The answer must consist solely of the lines below starting at the one containing "Welcome to Informatica" and ending at the one containing "Alright, this one's", repeated exactly, with both ends included and all pictures omitted.

BEGIN DATASET EXCERPTS

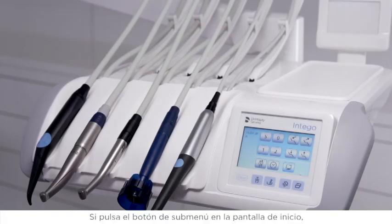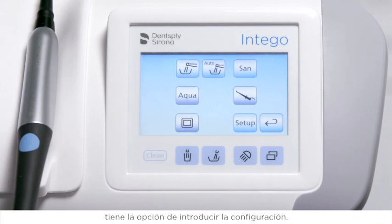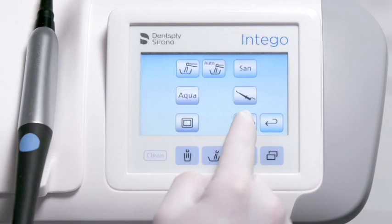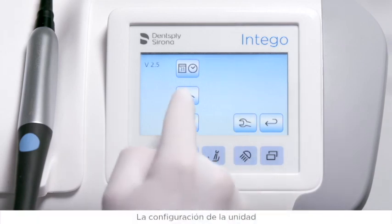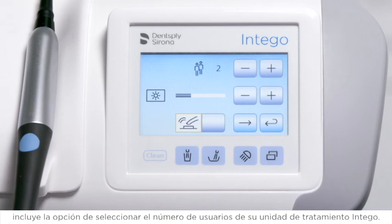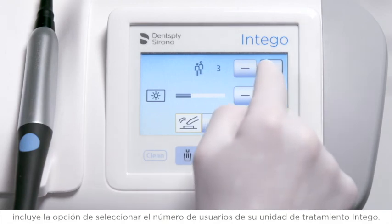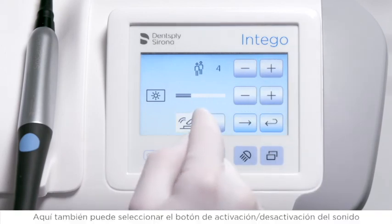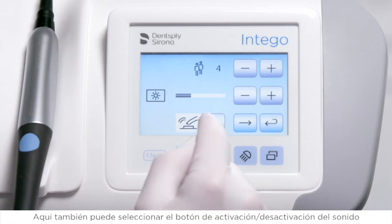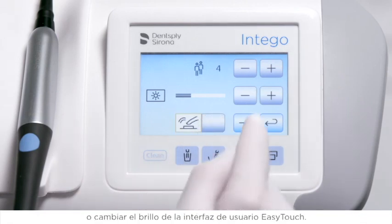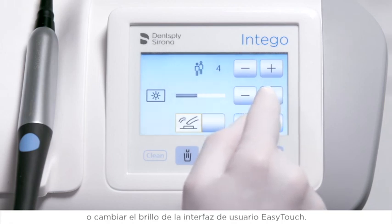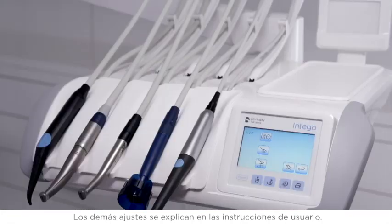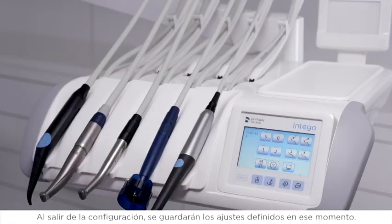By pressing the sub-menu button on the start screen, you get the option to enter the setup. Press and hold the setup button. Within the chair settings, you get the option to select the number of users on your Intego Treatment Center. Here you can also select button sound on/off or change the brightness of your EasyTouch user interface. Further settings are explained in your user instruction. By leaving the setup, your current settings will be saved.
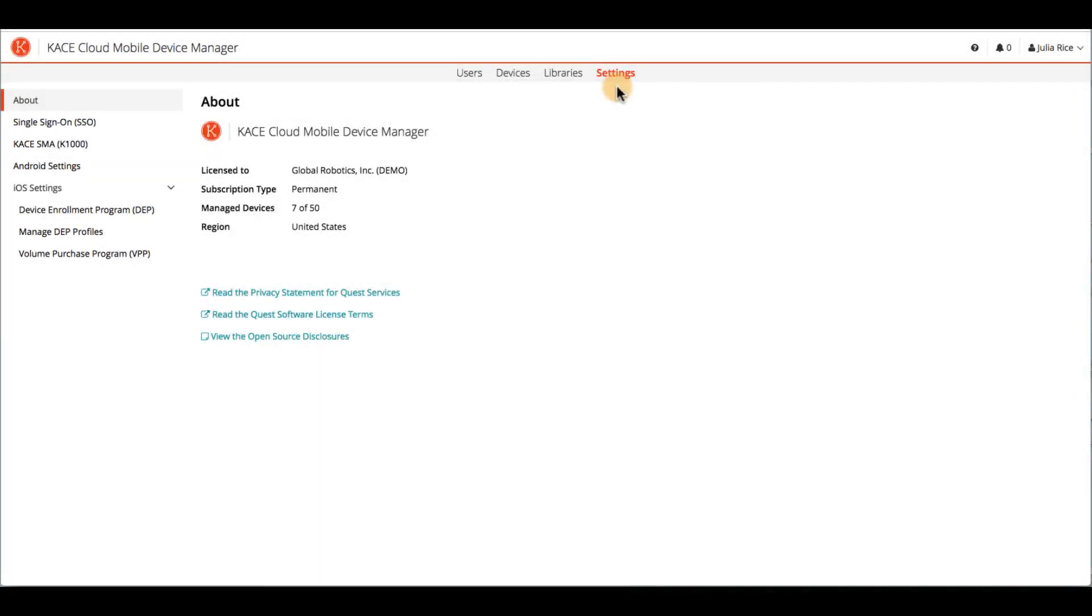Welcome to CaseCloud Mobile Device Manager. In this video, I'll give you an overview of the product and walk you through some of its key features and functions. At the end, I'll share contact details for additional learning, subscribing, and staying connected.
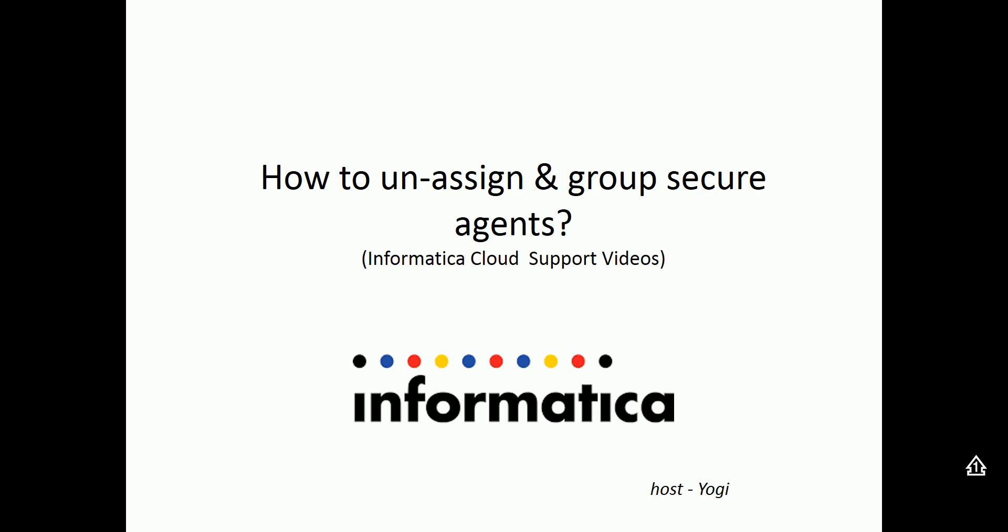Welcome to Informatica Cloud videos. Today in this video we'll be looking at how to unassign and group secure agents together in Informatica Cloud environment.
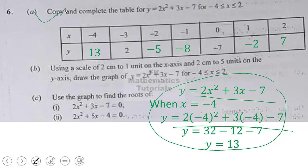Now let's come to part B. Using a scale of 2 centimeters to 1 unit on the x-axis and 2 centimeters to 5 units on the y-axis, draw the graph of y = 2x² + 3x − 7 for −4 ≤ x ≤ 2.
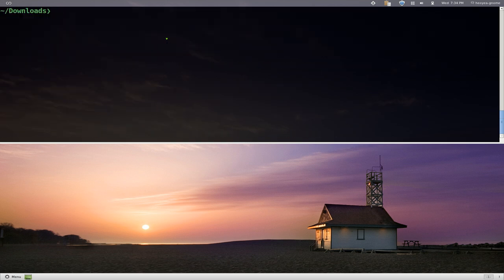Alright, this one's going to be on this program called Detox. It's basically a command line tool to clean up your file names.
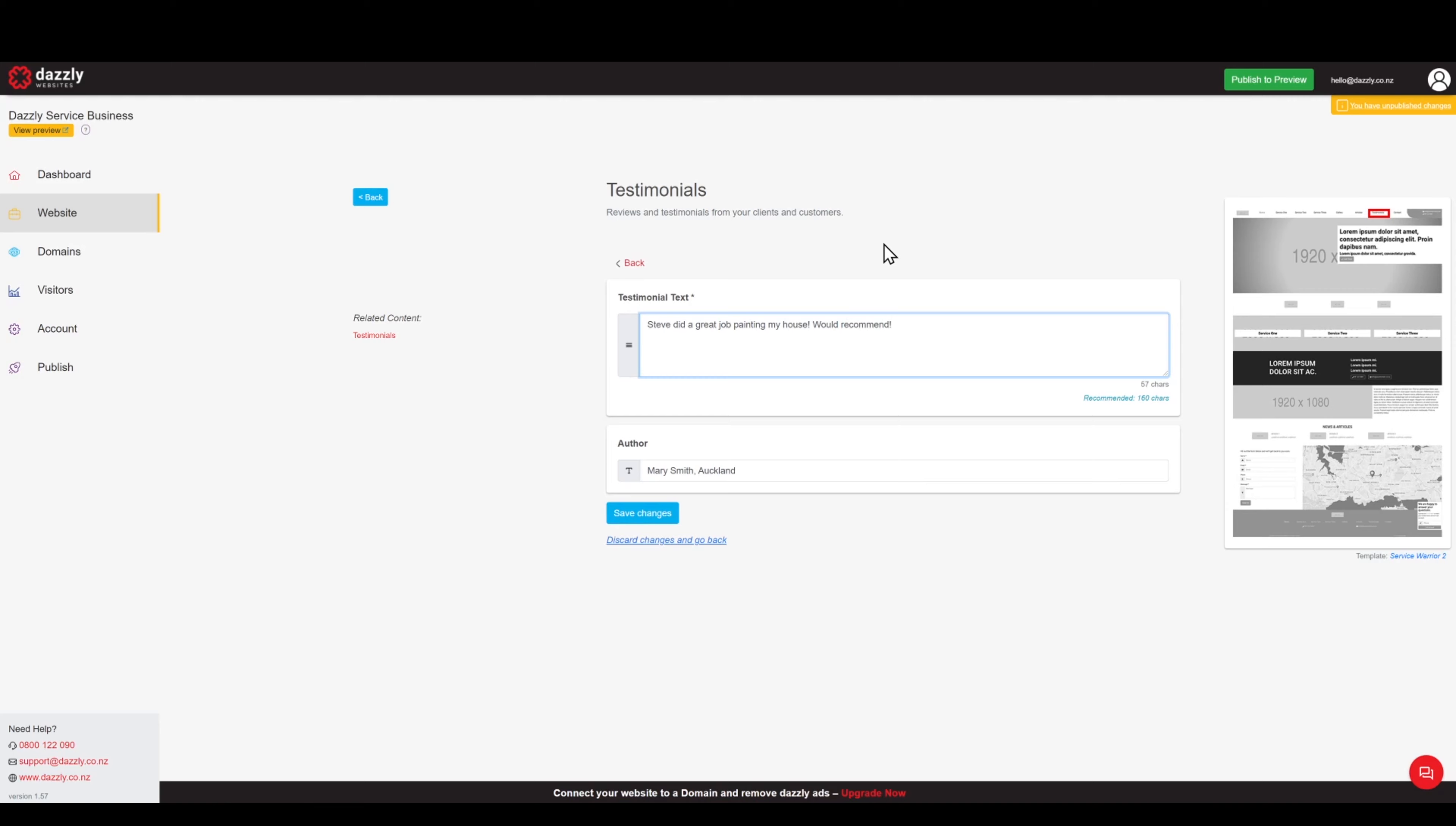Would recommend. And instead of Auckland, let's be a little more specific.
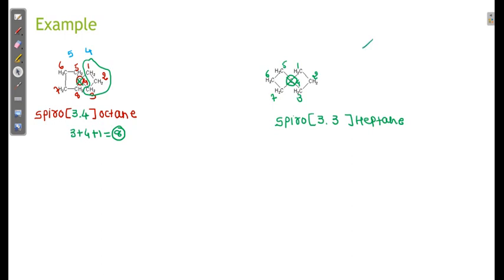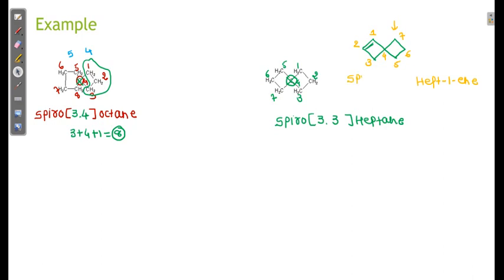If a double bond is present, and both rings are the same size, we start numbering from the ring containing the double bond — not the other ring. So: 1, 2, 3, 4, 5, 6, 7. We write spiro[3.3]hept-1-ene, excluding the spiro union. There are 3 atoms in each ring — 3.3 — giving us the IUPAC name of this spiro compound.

END DATASET EXCERPTS

- PROBLEM SOLUTION:
Welcome to Informatica Cloud videos. Today in this video we'll be looking at how to unassign and group secure agents together in Informatica Cloud environment.
Now let's come to part B. Using a scale of 2 centimeters to 1 unit on the x-axis and 2 centimeters to 5 units on the y-axis, draw the graph of y = 2x² + 3x − 7 for −4 ≤ x ≤ 2.
Alright, this one's going to be on this program called Detox. It's basically a command line tool to clean up your file names.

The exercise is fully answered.